### Task item
With the pictures set aside, write out all of the data exactly as it stands.

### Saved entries
◆ ◆ ◆ ◆ ◆ ◆ ◆

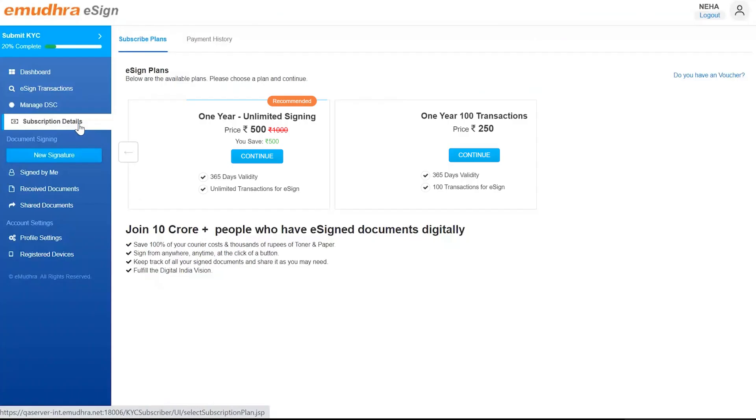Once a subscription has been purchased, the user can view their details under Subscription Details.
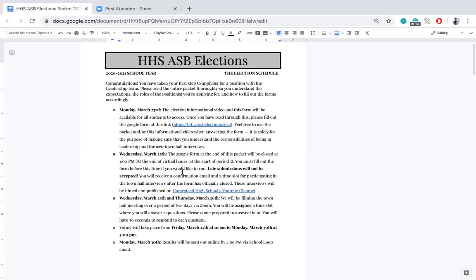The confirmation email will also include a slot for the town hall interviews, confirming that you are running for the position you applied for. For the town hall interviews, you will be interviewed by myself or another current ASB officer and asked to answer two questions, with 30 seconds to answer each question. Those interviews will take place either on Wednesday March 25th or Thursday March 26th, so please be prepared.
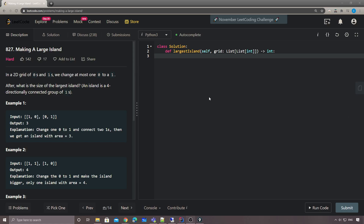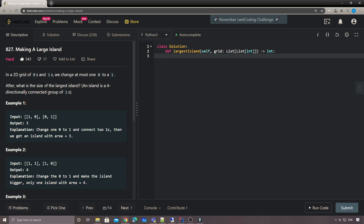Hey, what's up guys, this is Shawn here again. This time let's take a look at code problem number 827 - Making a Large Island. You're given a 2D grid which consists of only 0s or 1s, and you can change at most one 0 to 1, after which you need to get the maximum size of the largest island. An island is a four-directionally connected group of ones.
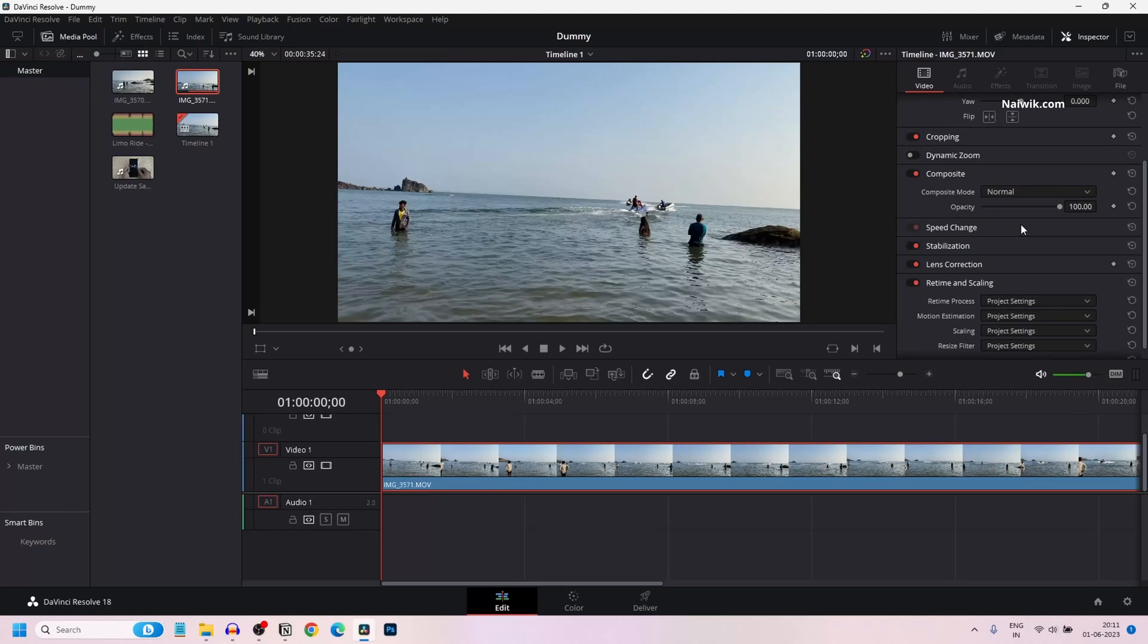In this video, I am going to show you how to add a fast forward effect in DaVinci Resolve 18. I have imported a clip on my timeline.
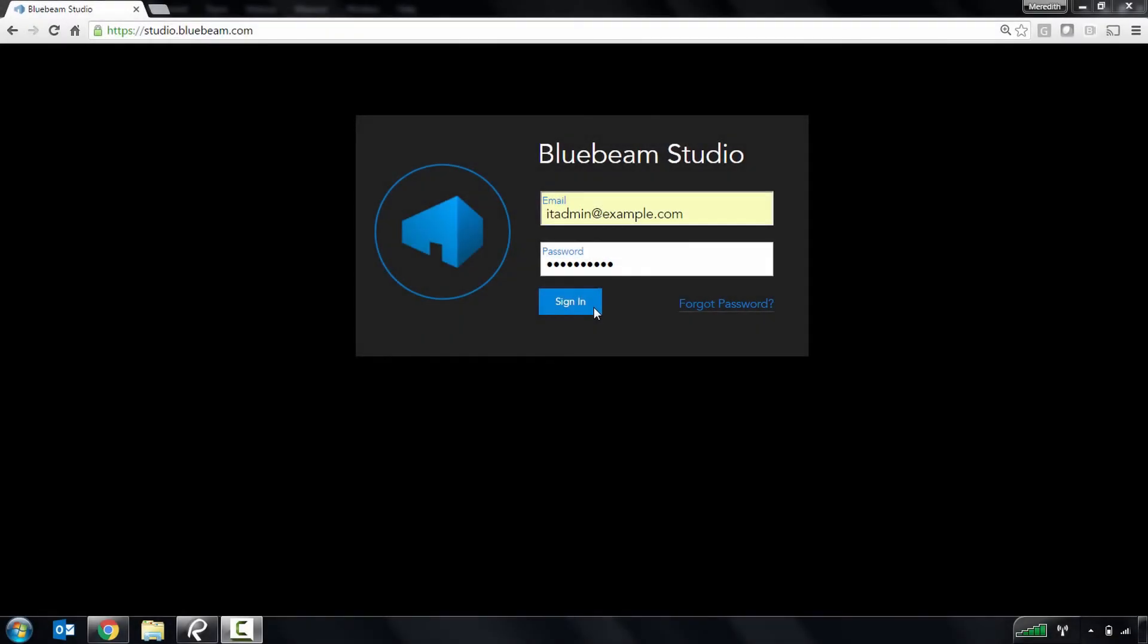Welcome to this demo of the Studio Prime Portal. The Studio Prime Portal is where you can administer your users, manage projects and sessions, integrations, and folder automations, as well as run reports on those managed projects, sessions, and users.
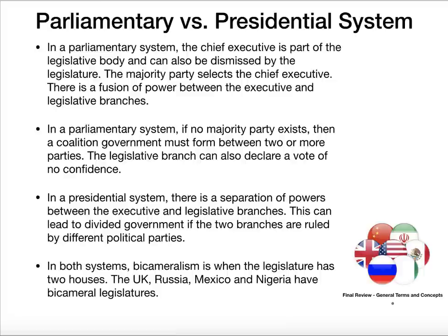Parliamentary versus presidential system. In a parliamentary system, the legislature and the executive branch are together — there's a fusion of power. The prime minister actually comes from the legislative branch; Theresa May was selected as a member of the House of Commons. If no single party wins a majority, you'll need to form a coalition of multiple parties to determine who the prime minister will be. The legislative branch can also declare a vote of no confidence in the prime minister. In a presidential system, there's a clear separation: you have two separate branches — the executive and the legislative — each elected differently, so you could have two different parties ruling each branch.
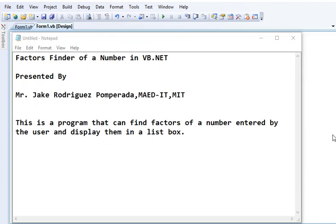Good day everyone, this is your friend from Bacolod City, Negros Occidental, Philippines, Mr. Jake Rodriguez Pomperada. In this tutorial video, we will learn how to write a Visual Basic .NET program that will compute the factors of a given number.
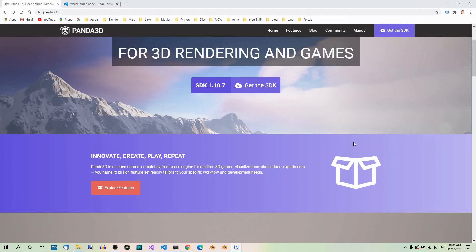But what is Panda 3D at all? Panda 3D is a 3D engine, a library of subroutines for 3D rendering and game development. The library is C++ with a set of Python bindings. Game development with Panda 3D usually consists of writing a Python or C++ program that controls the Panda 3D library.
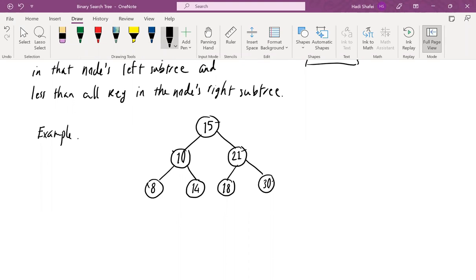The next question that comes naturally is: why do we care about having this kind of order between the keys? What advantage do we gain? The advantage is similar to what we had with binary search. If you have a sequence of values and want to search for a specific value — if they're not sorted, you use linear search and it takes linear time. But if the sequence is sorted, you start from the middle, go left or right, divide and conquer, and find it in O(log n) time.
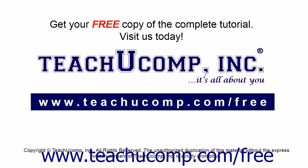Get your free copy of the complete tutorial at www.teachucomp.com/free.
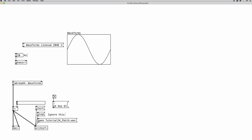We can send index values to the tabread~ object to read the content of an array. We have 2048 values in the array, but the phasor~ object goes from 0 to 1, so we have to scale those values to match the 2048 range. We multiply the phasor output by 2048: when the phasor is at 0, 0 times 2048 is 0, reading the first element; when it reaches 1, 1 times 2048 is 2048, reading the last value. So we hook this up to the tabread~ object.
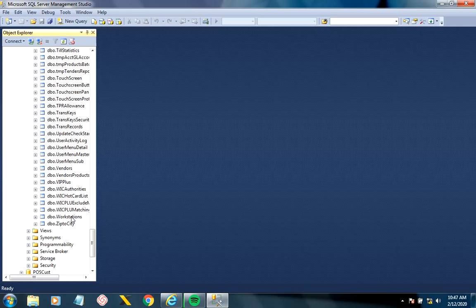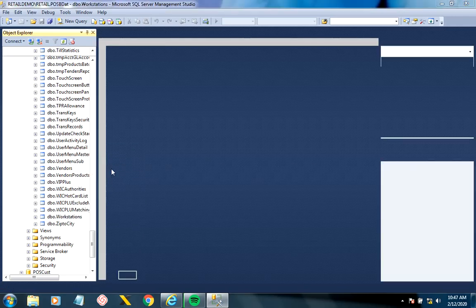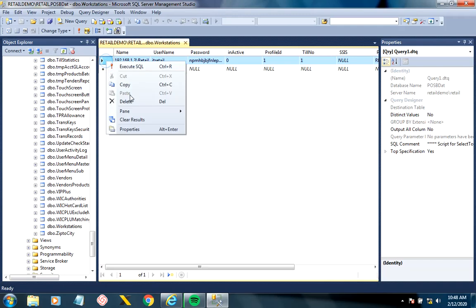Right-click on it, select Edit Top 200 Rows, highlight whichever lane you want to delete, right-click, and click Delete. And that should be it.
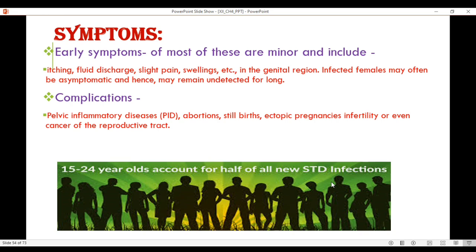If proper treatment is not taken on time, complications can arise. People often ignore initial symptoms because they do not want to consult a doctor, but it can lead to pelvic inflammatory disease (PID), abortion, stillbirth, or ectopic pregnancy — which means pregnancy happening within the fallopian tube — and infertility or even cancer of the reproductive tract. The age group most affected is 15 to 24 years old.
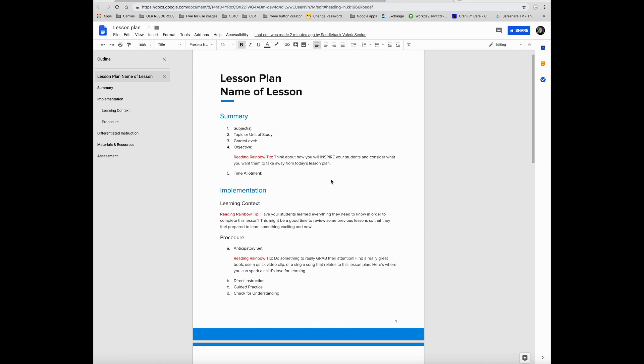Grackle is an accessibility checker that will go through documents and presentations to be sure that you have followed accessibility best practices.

◆ ◆ ◆ ◆ ◆ ◆ ◆

### Completed exercise
Once a subscription has been purchased, the user can view their details under Subscription Details.
The confirmation email will also include a slot for the town hall interviews, confirming that you are running for the position you applied for. For the town hall interviews, you will be interviewed by myself or another current ASB officer and asked to answer two questions, with 30 seconds to answer each question. Those interviews will take place either on Wednesday March 25th or Thursday March 26th, so please be prepared.
Hey, what's up guys, this is Shawn here again. This time let's take a look at code problem number 827 - Making a Large Island. You're given a 2D grid which consists of only 0s or 1s, and you can change at most one 0 to 1, after which you need to get the maximum size of the largest island. An island is a four-directionally connected group of ones.
In this video, I am going to show you how to add a fast forward effect in DaVinci Resolve 18. I have imported a clip on my timeline.
Welcome to this demo of the Studio Prime Portal. The Studio Prime Portal is where you can administer your users, manage projects and sessions, integrations, and folder automations, as well as run reports on those managed projects, sessions, and users.
Parliamentary versus presidential system. In a parliamentary system, the legislature and the executive branch are together — there's a fusion of power. The prime minister actually comes from the legislative branch; Theresa May was selected as a member of the House of Commons. If no single party wins a majority, you'll need to form a coalition of multiple parties to determine who the prime minister will be. The legislative branch can also declare a vote of no confidence in the prime minister. In a presidential system, there's a clear separation: you have two separate branches — the executive and the legislative — each elected differently, so you could have two different parties ruling each branch.
Good day everyone, this is your friend from Bacolod City, Negros Occidental, Philippines, Mr. Jake Rodriguez Pomperada. In this tutorial video, we will learn how to write a Visual Basic .NET program that will compute the factors of a given number.
But what is Panda 3D at all? Panda 3D is a 3D engine, a library of subroutines for 3D rendering and game development. The library is C++ with a set of Python bindings. Game development with Panda 3D usually consists of writing a Python or C++ program that controls the Panda 3D library.
The next question that comes naturally is: why do we care about having this kind of order between the keys? What advantage do we gain? The advantage is similar to what we had with binary search. If you have a sequence of values and want to search for a specific value — if they're not sorted, you use linear search and it takes linear time. But if the sequence is sorted, you start from the middle, go left or right, divide and conquer, and find it in O(log n) time.
Get your free copy of the complete tutorial at www.teachucomp.com/free.
We can send index values to the tabread~ object to read the content of an array. We have 2048 values in the array, but the phasor~ object goes from 0 to 1, so we have to scale those values to match the 2048 range. We multiply the phasor output by 2048: when the phasor is at 0, 0 times 2048 is 0, reading the first element; when it reaches 1, 1 times 2048 is 2048, reading the last value. So we hook this up to the tabread~ object.
Right-click on it, select Edit Top 200 Rows, highlight whichever lane you want to delete, right-click, and click Delete. And that should be it.
If proper treatment is not taken on time, complications can arise. People often ignore initial symptoms because they do not want to consult a doctor, but it can lead to pelvic inflammatory disease (PID), abortion, stillbirth, or ectopic pregnancy — which means pregnancy happening within the fallopian tube — and infertility or even cancer of the reproductive tract. The age group most affected is 15 to 24 years old.
Grackle is an accessibility checker that will go through documents and presentations to be sure that you have followed accessibility best practices.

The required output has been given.